Oral-B is an American brand of oral hygiene products, including toothpastes, toothbrushes, electric toothbrushes, and mouthwashes. The brand has been in business since the invention of the Hutson toothbrush in 1950 and in Redwood City, California.

History 
Dr. Robert W. Hutson (1919–2001), owner of a periodontal practice in San Jose, began designing a toothbrush in the 1940s.
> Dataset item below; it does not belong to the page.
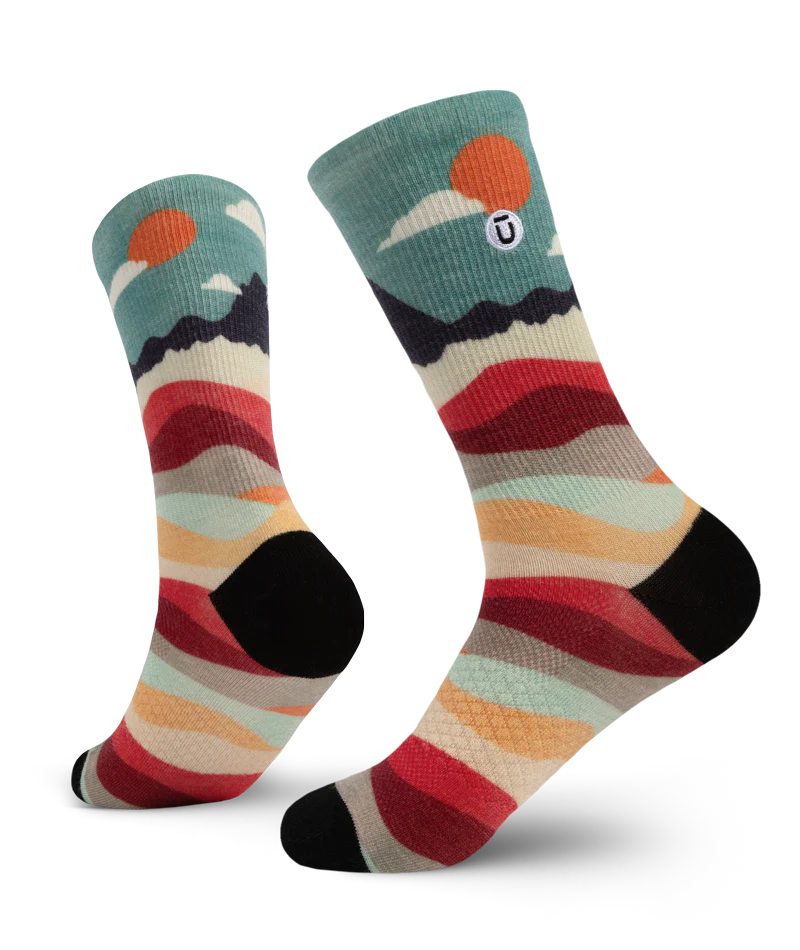 Head In The Clouds Merino Wool Lite Crew Socks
By 1949, he discovered that thin, round-ended, nylon filaments would be gentle on the gums yet effective for cleaning teeth. Hutson patented a toothbrush in 1950. The application for a design patent for his "Hutson toothbrush" was filed on January 13, 1950, and U.S. Design Patent No. 160,604 was granted on October 24 the same year. In 1958, he was granted a utility patent for a "mouthbrush" having fine, soft, flat-ended nylon bristles, and a similar appearance to the 1950 design. He claimed in his application that this brush was less abrasive to tooth enamel, better for massaging the gums, and more effective at picking up tooth powder than other brushes available at the time, which had coarse, angle-cut bristles.
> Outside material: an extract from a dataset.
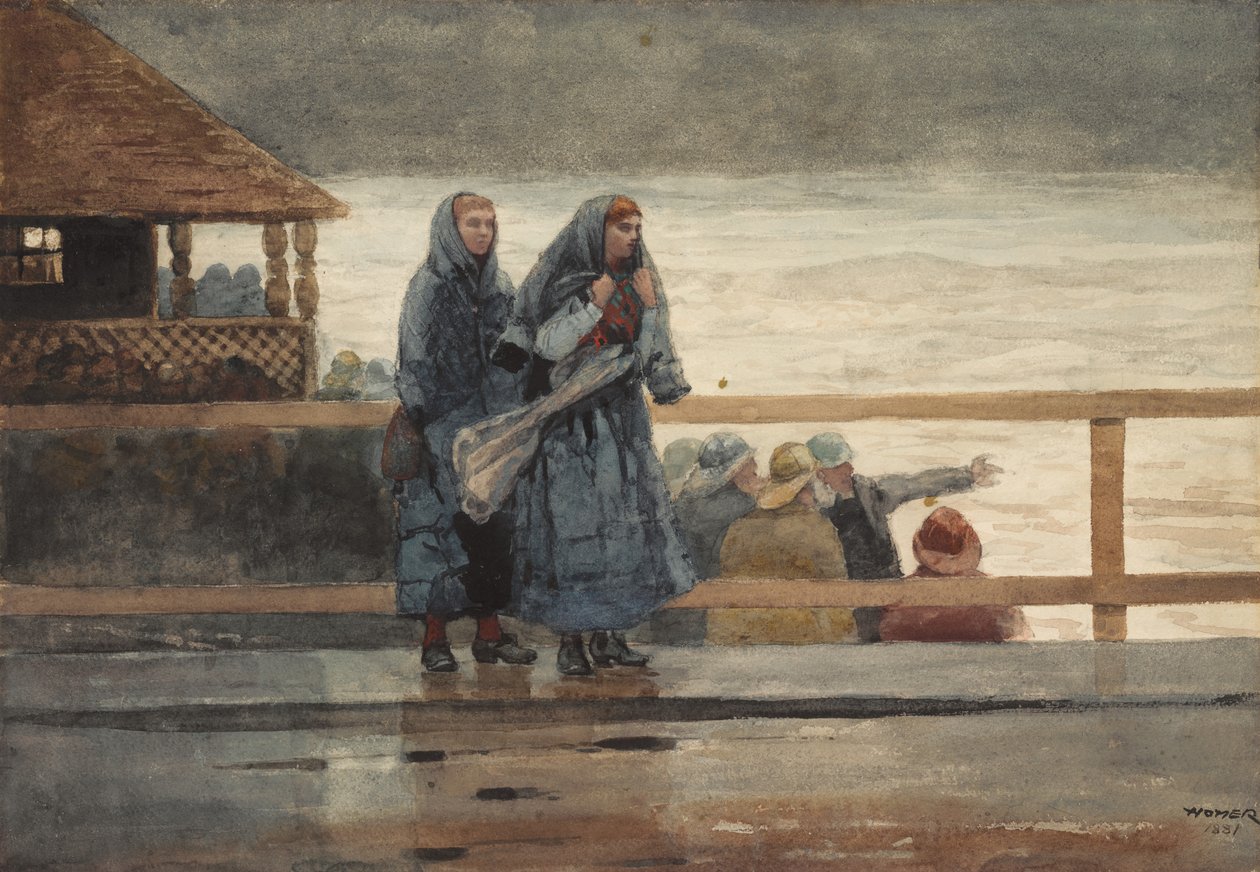 Havets faror, 1881 av Winslow Homer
The toothbrushes were made by the Owens Brush Company. The partners placed a $10,000 order for brushes and hired the first two sales people. In order to create demand for new brushes, the sales team devoted almost all of their time to communicating with dentists, passing samples and outreach work. The result of these efforts has been a steady increase in the number of orders. The next successful step was the decision to participate in the conventions and conferences of dentists held in the state of California.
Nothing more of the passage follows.